Reynolds American just fired quite a shot against all things mod and vapor. In a 119-page submission to the Food and Drug Administration, the company advises that all open vapor products be banned. This would include all mods, tanks, refillable cartridges, e-liquid, and basically anything that isn’t a closed disposable unit.
The submission argues extensively that open vapor products — those which allow the user to control and modify their experience — should be banned in all forms. They even go so far as to argue that stagnating sales of cigalikes prove open models are hurting the industry. The submission also argues that, among other things, open systems allow for use of illegal drugs, pose high risk for user error, and higher risk to kids and teens that might get their hands on them.



The financial upside for this sort of ban is significant for Reynolds. Open systems are far more effective at replacing traditional cigarettes for smokers. As well, they are demolishing cigalikes. The natural progression for most e-cig users is to eventually settle on more advanced products than disposables and semi-disposables. This means that small units — those which Reynold’s sells — are paving the way for sales of the more advanced ones.

Reynolds doesn’t want to get into the open vapor products market. A ban on them would only reinforce the standing of traditional cigarettes. And while Reynolds has produced a line of electronic cigarettes, it is mostly a placeholder in the industry. If nothing else, it further reinforces the idea that e-cigs should be treated just like tobacco cigarettes. That would further quarter off the industry for only the largest tobacco companies which can afford to buy their way into the market.

This certainly isn’t the first time a tobacco player has pushed against the more advanced units on the market. But this was a significant “official” push — beyond the public statements and press releases.
Read more about the submission here.

Reactions: Like 1 | Funny 1 | Informative 3


----------



## johan (8/9/14)

I wonder if they included their advertisement from the 50's in their ludecrous document?

Reactions: Like 1 | Winner 1 | Funny 3


----------



## Alex (8/9/14)

*Here's the article mentioned above in case people have trouble accessing it.*

*Big 3 tobacco makers want FDA to ban vapor e-cigs*


Posted: Sunday, September 7, 2014 12:01 am
Richard Craver/Winston-Salem Journal

Reynolds American Inc. has fired an expected shot across the bow of small vapor cigarette manufacturers.
A Reynolds division recommended to the Food and Drug Administration in a 119-page submission that the agency ban the use of vapor electronic cigarettes. Traditional e-cigs are battery-powered devices that heat a liquid nicotine solution in a self-contained disposable cartridge and create a vapor that is inhaled. The manufacturers have provided few flavor choices, in part in expectations that the FDA would limit flavorings as they do with combustible cigarettes.

By comparison, vapor products can feature a liquid capsule that is inserted into a cartridge, known as an open-system format.
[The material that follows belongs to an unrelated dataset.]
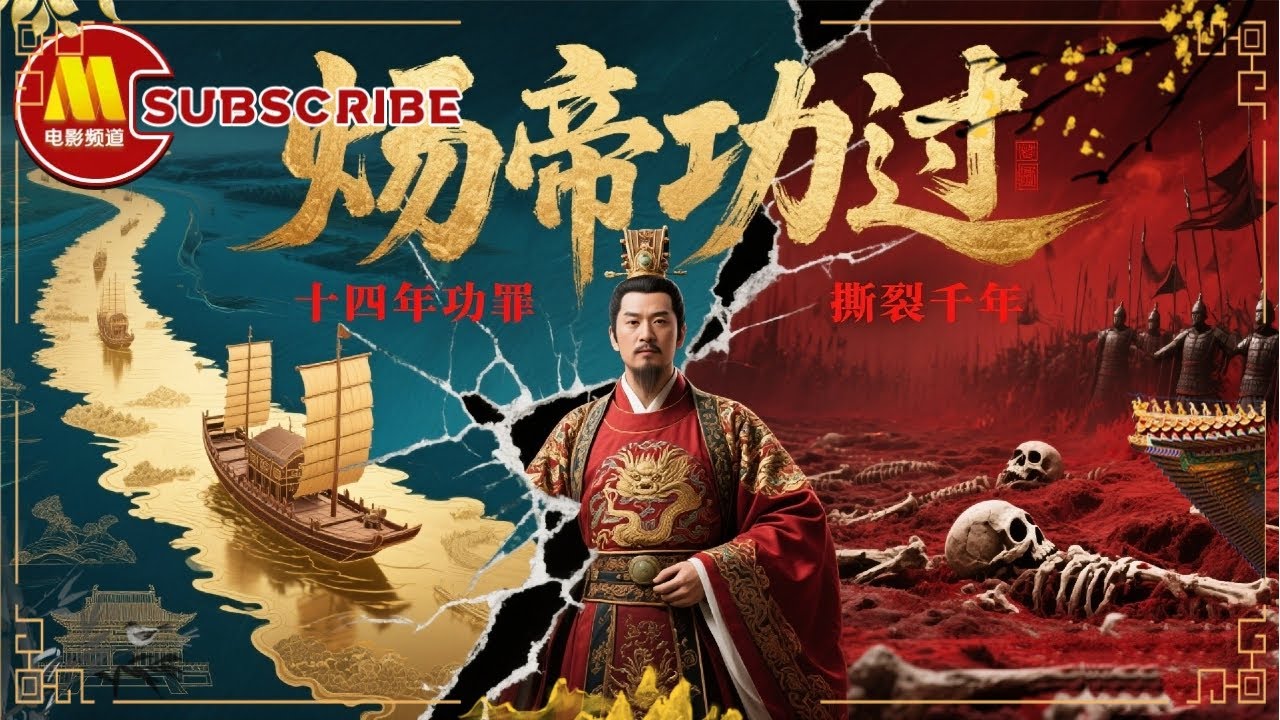 《中国通史》E41炀帝功过/防止豪强坐大！隋炀帝的铁腕治官术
Vapors offer consumers a wider variety of flavors, included fruits and candy. “We believe FDA should not allow such products to be sold or marketed,” Reynolds spokesman David Howard said in discussing the company’s submission. “We believe open-system vapor products create unique public health risks. “These systems are highly subject to adulteration and tampering, they are manufactured largely overseas in facilities that would, as proposed, fall outside regulatory inspection and oversight, and many nicotine liquids are sold in non-child-resistant packaging in flavors that may be appealing to youth.”

Industry observers say much of the nicotine liquid for the open-system vapor products are made in China or in unregulated vape shops, a sizable number of which are operating in the Triad. Altria Group Inc. and Lorillard Inc also submitted recommendations – both less stringent that Reynolds – during a public comment period that expired in August.
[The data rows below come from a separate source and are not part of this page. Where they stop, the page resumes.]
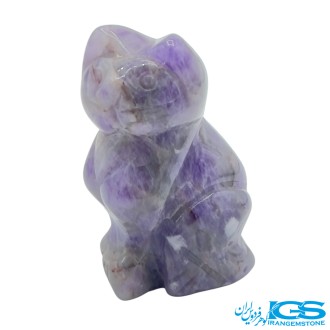 سنگ آمیتیست گربه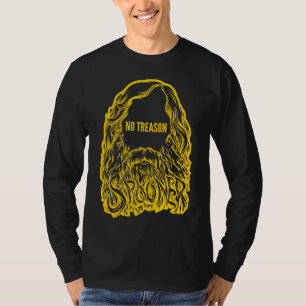 Lysander Spooner No Treason T-Shirt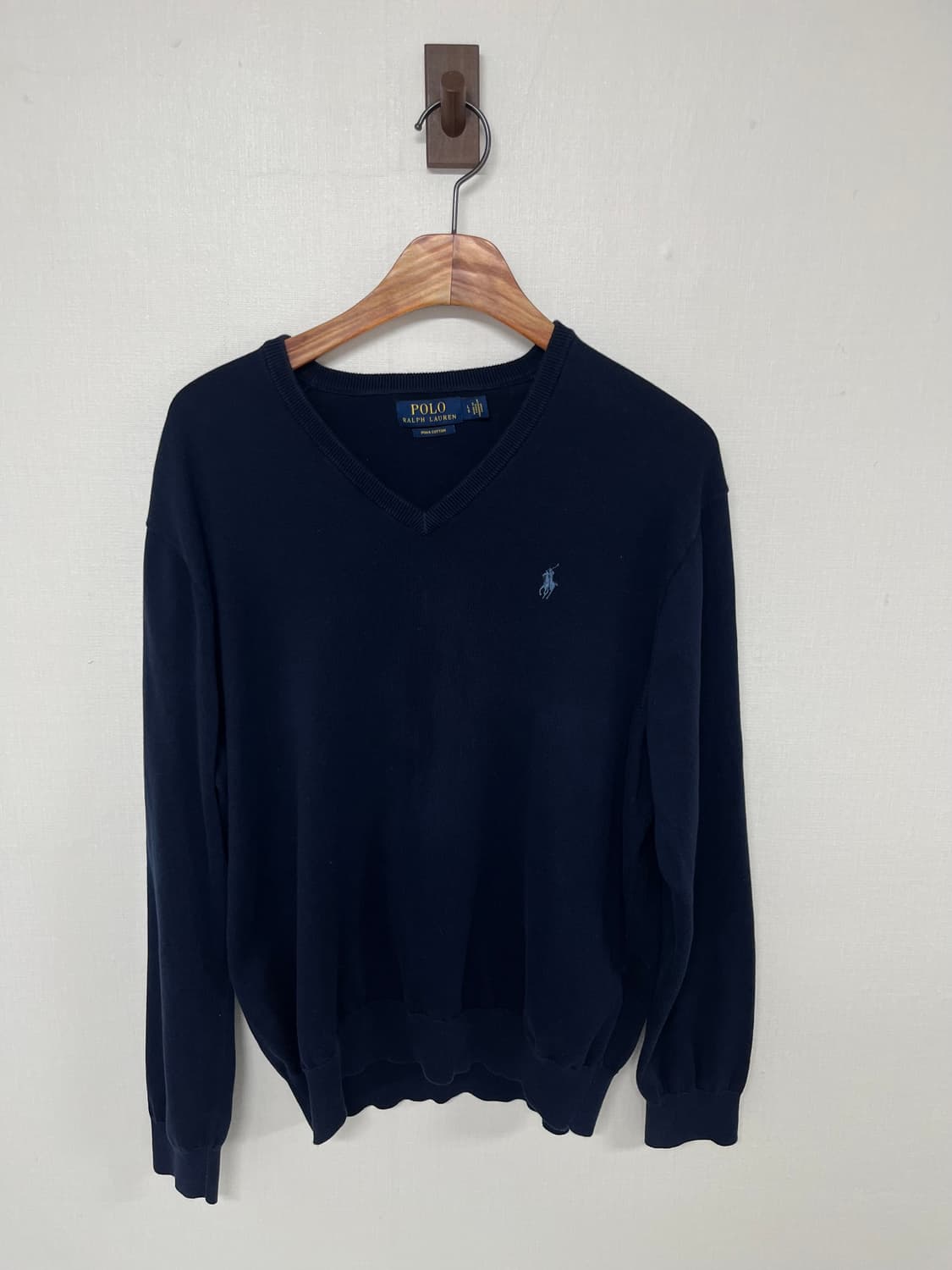 [L] 폴로 랄프로렌 코튼 니트 상품이미지1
The FDA began regulating tobacco products and marketing in June 2009, but it does not have the authority to ban nicotine or tobacco.
The industry, advocacy groups, analysts and adult smokers have been waiting for years for the FDA to decide on approving e-cigs and vapors as a smoking-cessation device. A Wild Wild West environment has emerged in the absence of FDA e-cig regulations.
Reynolds’ recommendations did not come as a surprise to vapor e-cig supporters, who have expressed concern since the category’s emergence about federal regulators allowing the Big Three to dominate e-cigs as they have combustible cigarettes and moist snuff.
“R.J. Reynolds’ call for the FDA to ban the majority of e-cigarette products should be seen for what it really is — an admission that it simply cannot compete in the current e-cigarette market,” said Gregory Conley, president of the American Vaping Association.
“Recent market reports show that while sales of open-system e-cigarette products and e-liquid are booming, sales of closed-system cigarette lookalikes – the kind that Reynolds sells – have stagnated.”

The stakes over the e-cig vs. vapor debate could be significant financially, as well as industry changing.
Wells Fargo Securities analyst Bonnie Herzog estimated overall U.S. e-cig revenue reached $2 billion in 2013. She projects it will increase up to $10 billion by 2017.

Herzog predicts Reynolds will have $4 billion in revenue from e-cigs in 2021, compared with $3.9 billion from conventional cigarettes. That’s compared with barely any e-cig revenue and $6.4 billion in conventional cigarette revenue for 2013.
Herzog also has noted a significant pickup in vapor sales in recent months.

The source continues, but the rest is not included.